Publications
Selling extinction : The politics of cheetah conservation in Namibia : “Cheetah capital of the world”
Brandon, Suzanne
Summary
This thesis highlights the importance of examining how environmental crises are communicated, especially over social media platforms. With the rise of ‘post-truth’ and ‘fake news’ online, it has become increasingly difficult to discern validated sources of evidence. This is particular concern as claims of the extinction of globally-valued, charismatic species—like the cheetah—are circulated at the global scale. This work describes the findings of an embedded case study of cheetah conservation in Namibia and provides a nuanced and complex understanding of cheetahs’ Extinction Spectacle online. Using a wide lens, this research examines intersecting perspectives and experiences of cheetah conservation, cheetah conservation NGOs, international volunteers, researchers in the field, commercial farming communities, Namibian government, and global audiences and incorporates various media platforms (e.g., Facebook, Instagram, and Twitter). By developing an analytical framework drawn from Debord’s (1995) concept of the Spectacle, this thesis contextualizes the conditions and processes of selling extinction. Furthermore, this work extends the concept of the Spectacle to account for changes over media platforms in the attention economy.
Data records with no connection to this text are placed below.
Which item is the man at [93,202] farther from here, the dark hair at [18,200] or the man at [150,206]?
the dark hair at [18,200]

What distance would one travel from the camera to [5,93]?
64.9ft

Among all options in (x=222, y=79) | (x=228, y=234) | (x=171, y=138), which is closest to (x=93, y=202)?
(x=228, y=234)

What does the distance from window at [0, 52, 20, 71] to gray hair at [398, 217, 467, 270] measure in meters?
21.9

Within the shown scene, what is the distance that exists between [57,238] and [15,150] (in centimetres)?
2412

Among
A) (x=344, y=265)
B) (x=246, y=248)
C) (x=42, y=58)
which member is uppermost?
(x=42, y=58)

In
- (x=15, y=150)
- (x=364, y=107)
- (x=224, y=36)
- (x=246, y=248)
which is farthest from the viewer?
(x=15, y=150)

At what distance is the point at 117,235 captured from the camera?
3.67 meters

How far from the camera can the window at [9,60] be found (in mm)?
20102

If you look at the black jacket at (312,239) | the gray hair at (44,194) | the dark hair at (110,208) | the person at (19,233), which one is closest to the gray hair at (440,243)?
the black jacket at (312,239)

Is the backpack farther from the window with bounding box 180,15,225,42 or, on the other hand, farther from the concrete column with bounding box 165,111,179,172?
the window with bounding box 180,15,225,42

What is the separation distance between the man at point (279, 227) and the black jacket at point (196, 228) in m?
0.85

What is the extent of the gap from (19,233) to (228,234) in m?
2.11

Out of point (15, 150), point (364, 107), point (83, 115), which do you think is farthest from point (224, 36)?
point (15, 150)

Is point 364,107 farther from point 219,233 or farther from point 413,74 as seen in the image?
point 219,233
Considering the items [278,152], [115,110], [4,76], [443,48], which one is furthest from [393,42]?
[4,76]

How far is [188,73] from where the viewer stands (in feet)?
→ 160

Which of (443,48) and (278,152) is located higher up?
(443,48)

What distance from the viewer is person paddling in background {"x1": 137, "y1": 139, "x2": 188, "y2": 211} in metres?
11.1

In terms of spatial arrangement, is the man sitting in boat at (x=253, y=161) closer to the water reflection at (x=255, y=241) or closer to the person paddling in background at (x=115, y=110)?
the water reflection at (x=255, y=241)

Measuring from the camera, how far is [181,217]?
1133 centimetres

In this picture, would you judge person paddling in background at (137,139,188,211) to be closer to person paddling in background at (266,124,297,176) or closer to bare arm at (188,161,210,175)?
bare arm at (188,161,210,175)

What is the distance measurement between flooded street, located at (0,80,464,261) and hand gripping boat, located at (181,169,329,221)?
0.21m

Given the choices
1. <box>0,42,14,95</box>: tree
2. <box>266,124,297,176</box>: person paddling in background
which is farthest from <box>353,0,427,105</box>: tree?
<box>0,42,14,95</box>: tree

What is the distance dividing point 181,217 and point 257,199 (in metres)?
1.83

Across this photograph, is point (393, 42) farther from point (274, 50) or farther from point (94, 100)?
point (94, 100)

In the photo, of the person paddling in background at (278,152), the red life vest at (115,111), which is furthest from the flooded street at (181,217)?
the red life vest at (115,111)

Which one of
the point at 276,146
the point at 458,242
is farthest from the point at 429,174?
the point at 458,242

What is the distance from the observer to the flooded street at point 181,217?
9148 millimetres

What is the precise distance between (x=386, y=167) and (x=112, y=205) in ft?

The findings of this thesis revealed an anomaly in the field of political ecology. Cheetahs’ ecological adaptation(s), captivity, and territory on commercial, freehold farms in Namibia moved cheetah conservation into the private sector. As land-owning conservation elites and part of a conservation capitalist class, the NGOs studied owned the means of production. In this thesis, private land ownership codifies (absolute) rights to land and wildlife and renders on-site conservation a private good. When conservation is a private good, it changes the avenues through which private actors and the NGOs access, engage, and participate in local, national, and global conservation politics. For example, the NGOs are outside of the political realm in Namibian conservation governance as private sector actors. Private property is governed by different legal, regulatory, social, political, and economic structures than property in the commons and in political ecology more broadly. Conservation as a private good requires a different approach and frame of analysis than what is currently in place in the field of political ecology.
Knowledge that is produced by these NGOs about cheetah conservation and their broader work in conservation in Namibia is constructed under the aegis of private property. Private property rights include the right of access and of exclusion and these rights extend to what information about conservation is communicated and circulated globally as well as on-the-ground in Namibia. The institutional context of the NGOs required that this research consider the role of non-state private actors, private property ownership, and (absolute) private property rights in conservation in Namibia as well as in the spatial production of conservation knowledge claims. Consequently, this thesis illustrates how problematically inaccurate information is circulated in ways that disrupt politics and power in conservation masking the economic and political interests of the NGOs. Ultimately, this research suggests widening the political ecology lens to include political epistemology and account for the role of private property, private property ownership, and (absolute) private property rights in local and global conservation approaches and conservation claims.